After deflating Mo Brooks’s candidacy with a surprise endorsement of Luther Strange, reports now suggest Trump could turn his back on Strange, too.
In an Alabama U.S. Senate primary that began as a fierce competition to see which of three leading candidates could pose as the most worshipful supporter of Donald Trump, the president may soon boast the dubious accomplishment of having stabbed two of them in the back.
Before the first round of the primary on August 15 to choose a successor to Jeff Sessions, Congressman Mo Brooks staked his candidacy to a claim that he was entirely loyal to Trump, while appointed incumbent Luther Strange had eyes only for Mitch McConnell. He even made Trump’s demand for an end to the legislative filibuster the centerpiece of his campaign. Then, out of the blue, Trump (expected by everyone in Alabama to remain neutral) endorsed Strange and basically handed an anvil to poor ol’ Mo, who finished a disappointing third.
Strange joyfully embraced his most wonderful president more than ever, hoping Trump’s very high levels of popularity would drag him across the finish line in a runoff against Roy Moore, who finished first on August 15 and seemed to have a big lead in the first post-primary polls.
But now, Trump is having second thoughts about his choice for Alabama, or so the Washington Post is hearing:
President Trump is considering backing away from Sen. Luther Strange in a heated Republican primary runoff in Alabama, according to multiple Republicans close to the White House, underscoring the deteriorating relationship between the president and the Senate GOP.
Yikes! Is nothing sacred? Apparently not when Trump is looking for a way to impress upon Mitch McConnell (who has supplied most of the money for Strange’s campaign) the costs involved in displeasing the White House.
Trump did not signal a desire this week to formally withdraw his endorsement of Strange, the Republicans said. But he is considering being less engaged than in the first round of voting earlier this month, when he tweeted his support and recorded a robo-call for the senator, they said — potentially turning the contest into yet another example of the frayed relationship between Trump and McConnell.
With over a month left to go in the runoff race, Trump’s silence on Strange’s account could shout pretty loudly, even if Trump doesn’t take back his endorsement. Having latched himself to Trump’s mast in order to navigate the storms of criticism and having endured as the senator appointed by disgraced former Governor Robert Bentley under suspicious circumstances, Big Luther could find himself lost on the shoals of a campaign gone terribly wrong. You know, sort of like Mo Brooks.

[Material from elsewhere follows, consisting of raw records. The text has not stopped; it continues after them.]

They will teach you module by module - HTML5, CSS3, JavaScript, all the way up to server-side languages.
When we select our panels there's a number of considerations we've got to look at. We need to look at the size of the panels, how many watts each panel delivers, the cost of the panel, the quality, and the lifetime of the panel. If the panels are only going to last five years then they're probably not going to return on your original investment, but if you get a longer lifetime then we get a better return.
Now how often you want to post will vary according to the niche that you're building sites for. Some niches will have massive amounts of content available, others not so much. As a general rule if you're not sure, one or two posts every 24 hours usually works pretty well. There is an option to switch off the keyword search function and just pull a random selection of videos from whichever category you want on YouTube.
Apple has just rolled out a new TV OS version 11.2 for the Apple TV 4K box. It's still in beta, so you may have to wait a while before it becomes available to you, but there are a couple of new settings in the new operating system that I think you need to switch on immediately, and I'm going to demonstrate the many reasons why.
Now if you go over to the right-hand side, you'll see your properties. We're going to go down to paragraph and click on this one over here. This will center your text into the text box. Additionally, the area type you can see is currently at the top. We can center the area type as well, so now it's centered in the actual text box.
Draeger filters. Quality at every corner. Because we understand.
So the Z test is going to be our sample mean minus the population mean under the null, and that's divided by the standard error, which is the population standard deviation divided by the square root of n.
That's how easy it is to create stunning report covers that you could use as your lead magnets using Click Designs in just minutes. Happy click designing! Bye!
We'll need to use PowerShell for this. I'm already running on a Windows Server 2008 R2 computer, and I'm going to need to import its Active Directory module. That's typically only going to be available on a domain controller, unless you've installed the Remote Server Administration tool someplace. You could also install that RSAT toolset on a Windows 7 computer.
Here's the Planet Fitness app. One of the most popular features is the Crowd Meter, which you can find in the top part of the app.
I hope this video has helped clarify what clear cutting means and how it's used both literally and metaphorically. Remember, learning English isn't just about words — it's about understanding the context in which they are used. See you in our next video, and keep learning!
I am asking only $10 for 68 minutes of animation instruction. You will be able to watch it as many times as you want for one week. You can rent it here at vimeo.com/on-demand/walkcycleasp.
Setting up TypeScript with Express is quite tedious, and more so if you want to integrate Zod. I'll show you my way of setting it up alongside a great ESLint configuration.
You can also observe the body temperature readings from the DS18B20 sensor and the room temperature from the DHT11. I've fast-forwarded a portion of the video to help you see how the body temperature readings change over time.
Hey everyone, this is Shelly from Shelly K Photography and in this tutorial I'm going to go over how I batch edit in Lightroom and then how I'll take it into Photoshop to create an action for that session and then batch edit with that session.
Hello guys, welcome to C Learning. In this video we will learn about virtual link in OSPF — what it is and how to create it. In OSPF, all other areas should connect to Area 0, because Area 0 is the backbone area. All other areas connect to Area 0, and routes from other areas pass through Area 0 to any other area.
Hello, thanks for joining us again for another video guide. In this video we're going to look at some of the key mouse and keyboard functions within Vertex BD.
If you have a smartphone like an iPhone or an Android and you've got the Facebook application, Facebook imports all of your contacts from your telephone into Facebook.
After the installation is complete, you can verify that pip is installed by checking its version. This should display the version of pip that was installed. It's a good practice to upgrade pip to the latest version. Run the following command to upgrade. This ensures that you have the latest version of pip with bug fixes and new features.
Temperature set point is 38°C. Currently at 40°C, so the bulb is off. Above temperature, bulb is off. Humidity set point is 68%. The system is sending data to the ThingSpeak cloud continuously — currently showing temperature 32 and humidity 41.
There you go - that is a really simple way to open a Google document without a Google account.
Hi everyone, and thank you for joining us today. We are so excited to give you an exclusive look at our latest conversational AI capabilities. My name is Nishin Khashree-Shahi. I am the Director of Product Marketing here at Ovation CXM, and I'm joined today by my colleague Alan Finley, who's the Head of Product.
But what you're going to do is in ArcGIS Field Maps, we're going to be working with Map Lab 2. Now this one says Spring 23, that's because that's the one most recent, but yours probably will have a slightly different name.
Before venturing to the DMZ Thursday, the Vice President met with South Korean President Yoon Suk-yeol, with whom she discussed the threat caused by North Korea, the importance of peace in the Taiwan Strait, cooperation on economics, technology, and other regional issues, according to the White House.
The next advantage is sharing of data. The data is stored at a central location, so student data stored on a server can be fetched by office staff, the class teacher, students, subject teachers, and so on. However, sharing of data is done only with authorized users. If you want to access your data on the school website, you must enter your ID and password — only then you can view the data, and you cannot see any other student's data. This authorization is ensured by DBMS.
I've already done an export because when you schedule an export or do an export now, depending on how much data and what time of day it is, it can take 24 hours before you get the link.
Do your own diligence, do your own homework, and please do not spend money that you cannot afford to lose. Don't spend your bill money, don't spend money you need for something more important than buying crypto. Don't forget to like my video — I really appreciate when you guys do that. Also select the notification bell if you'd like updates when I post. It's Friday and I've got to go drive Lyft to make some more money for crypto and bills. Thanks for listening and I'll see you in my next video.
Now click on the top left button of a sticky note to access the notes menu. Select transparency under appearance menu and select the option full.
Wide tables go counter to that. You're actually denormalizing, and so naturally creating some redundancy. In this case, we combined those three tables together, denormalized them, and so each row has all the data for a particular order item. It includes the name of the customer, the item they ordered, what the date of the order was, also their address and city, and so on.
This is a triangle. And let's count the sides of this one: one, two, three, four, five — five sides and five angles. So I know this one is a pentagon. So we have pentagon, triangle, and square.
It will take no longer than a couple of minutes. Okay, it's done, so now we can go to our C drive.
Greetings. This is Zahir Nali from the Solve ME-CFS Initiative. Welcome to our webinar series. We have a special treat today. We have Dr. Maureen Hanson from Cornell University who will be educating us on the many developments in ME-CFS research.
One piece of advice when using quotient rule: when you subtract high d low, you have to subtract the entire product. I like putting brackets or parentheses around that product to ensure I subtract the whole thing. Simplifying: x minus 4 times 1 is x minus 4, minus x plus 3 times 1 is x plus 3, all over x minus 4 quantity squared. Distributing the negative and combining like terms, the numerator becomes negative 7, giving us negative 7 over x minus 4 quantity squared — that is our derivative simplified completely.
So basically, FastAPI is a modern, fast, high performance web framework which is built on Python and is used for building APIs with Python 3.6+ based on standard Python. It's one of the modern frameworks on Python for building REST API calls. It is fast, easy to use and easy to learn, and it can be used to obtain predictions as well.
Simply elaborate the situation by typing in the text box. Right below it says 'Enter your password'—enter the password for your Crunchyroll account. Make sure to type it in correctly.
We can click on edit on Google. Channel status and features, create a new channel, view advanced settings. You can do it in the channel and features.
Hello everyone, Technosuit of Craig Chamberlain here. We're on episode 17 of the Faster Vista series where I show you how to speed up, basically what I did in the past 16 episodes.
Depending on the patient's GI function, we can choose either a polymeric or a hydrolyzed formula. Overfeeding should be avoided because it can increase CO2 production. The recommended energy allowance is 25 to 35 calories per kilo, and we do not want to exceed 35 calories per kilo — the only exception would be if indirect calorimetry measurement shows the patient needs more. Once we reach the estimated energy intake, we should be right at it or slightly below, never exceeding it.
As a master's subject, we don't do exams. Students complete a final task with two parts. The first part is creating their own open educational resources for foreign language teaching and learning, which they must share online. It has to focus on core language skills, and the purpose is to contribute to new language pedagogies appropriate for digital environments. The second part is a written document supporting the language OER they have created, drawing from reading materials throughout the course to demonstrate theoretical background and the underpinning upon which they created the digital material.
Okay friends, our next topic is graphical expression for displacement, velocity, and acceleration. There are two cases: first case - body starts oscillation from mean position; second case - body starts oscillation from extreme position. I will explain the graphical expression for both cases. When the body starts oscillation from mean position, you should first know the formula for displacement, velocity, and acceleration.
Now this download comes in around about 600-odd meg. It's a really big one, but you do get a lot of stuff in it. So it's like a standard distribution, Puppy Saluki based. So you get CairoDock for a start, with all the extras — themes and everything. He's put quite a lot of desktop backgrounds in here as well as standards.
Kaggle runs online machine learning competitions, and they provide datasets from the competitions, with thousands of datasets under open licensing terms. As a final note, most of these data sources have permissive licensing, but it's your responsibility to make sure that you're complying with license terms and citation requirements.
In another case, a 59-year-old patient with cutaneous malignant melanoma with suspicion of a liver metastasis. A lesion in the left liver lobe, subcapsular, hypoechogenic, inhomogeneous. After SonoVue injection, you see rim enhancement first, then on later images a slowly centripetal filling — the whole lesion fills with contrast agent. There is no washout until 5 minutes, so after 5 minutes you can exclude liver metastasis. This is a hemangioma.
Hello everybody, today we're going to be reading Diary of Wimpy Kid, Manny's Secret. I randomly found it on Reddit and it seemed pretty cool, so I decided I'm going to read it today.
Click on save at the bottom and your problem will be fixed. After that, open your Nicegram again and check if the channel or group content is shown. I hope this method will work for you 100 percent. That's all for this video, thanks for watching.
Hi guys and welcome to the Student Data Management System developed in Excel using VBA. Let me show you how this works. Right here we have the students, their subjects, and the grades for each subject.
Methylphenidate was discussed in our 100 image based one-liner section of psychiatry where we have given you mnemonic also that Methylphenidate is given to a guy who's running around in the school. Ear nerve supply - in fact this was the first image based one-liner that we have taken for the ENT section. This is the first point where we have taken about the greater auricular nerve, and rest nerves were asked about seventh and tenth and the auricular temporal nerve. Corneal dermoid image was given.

Fortunately for Roy Moore, his profile among Alabama conservatives doesn’t depend on any mere mortal’s endorsement, given the shockingly widespread belief that he’s the candidate of the angry Old Testament God he is determined to put in charge of America’s future. Indeed, the judge’s nationally renowned reputation as a grim theocrat is both his greatest strength and weakness. Even if Donald Trump abandons Strange, the Alabama business community might help Mitch McConnell give Strange a financial boost out of fear that perceptions of the state as a forward-looking place hospitable to corporations who just want to make profits without much in the way of taxes or regulations could take a hit from Senator Roy Moore hurling thunderbolts at heathens and sodomites every other day.
But whatever happens, future Republican candidates should pay close attention: Don’t trust Donald Trump’s flattery too much. He is most definitely a politician with wandering eyes.